During & immediately after the Revolution, many gardeners began banishing intricate patterns of flowers in favor of the less ostentatious simplicity of turf. Philadelphian Elizabeth Drinker wrote in her diary, “flower roots…were dug out of ye beds on ye south side of our garden--as my husband intends making grass-plots and planting trees.”

During this period, plain grass flats often defined the terraces of the gentry. However, at the same time, a flood of newly arrived professional seed merchants were enticing the growing gardening public to plant curious bulbs & roots imported from Europe. And the middle class merchants and artisans were beginning to accumulate both leisure time that could be spent in improving their homes and grounds and a bit of extra cash to spend toward this end.  This flurry of marketing paid off, and the style that caught on. By the 1790s, specimen gardens & flowers once again flourished in the Chesapeake.

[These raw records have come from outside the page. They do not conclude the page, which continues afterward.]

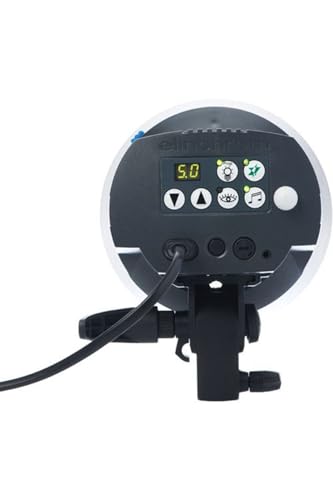 Studioblitz Elinchrom D-Lite RX ONE EL20485 ohne Reflektor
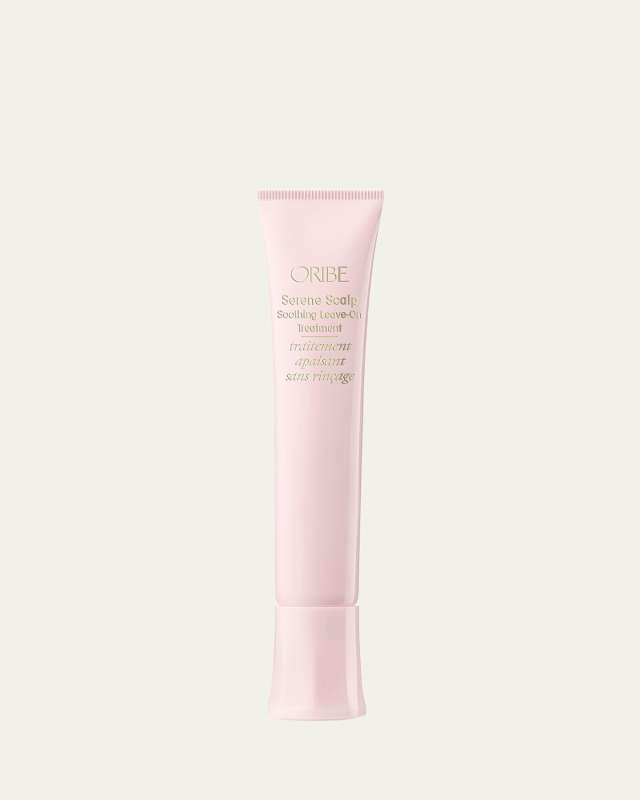 Serene Scalp Soothing Leave-On Treatment, 1.7 oz./ 50 mL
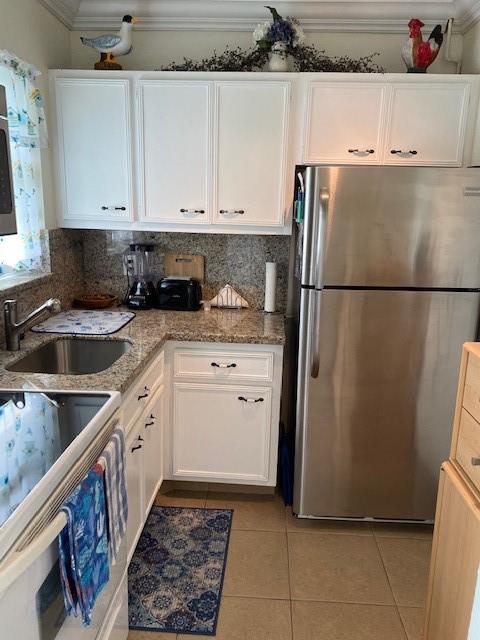 Leisureville - Residential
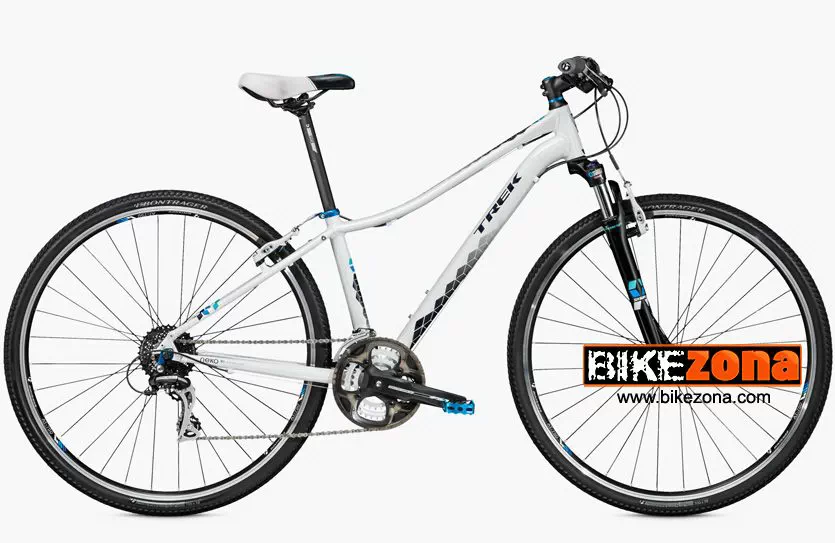 Bicicleta trek neko mujer new arrivals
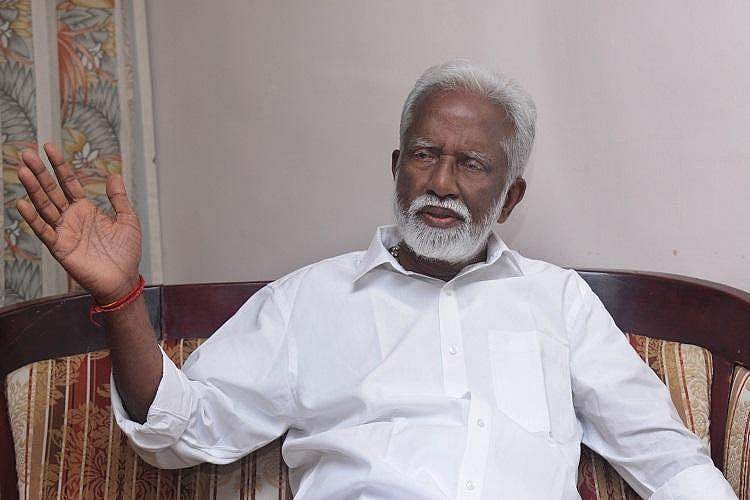വട്ടിയൂര്‍ക്കാവില്‍ മത്സരിക്കാനില്ല; തീരുമാനമെടുക്കേണ്ടത് പാര്‍ട്ടി: കുമ്മനം രാജശേഖരന്‍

By the turn of the century, the popularity of intricate flower beds once again soared. Flowers remained a garden favorite, but gardeners now tended to segregated flowers by type rather than integrating them into a complicated design. Diarist Anne Grant reported that, in the gardens she saw before the Revolution, flowers “not seen in ‘curious knots’, were ranged in beds, the varieties of each kind by themselves.”

Botany & new classification systems for plants also caused a surge in collecting plants. In 1789, William Hamilton instructed the gardeners at his Philadelphia estate, Woodlands, to plant “exotic bulbous roots…at six or eight Inches from each other…taking care to preserve the distinctions of the sorts.”

In 1805, Rosalie Steir Calvert (1778–1821) wrote to her father from Riversdale in Prince George's County, Maryland, "The fancy for flowers of all kinds is really increasing; everyone takes an interest, and it is a great honor to have the most beautiful.”

The next spring, she was “curious to know if it is becoming fashionable in your country to become horticulturalists. Here we occupy ourselves with that more every day and are getting much better.”

Her father sent tulip bulbs in late 1807, and Rosalie Calvert wrote back, “now I will have the most beautiful collection in America, and I assure you my reputation is already quite exalted.”

A new cycle in American pleasure gardening had begun.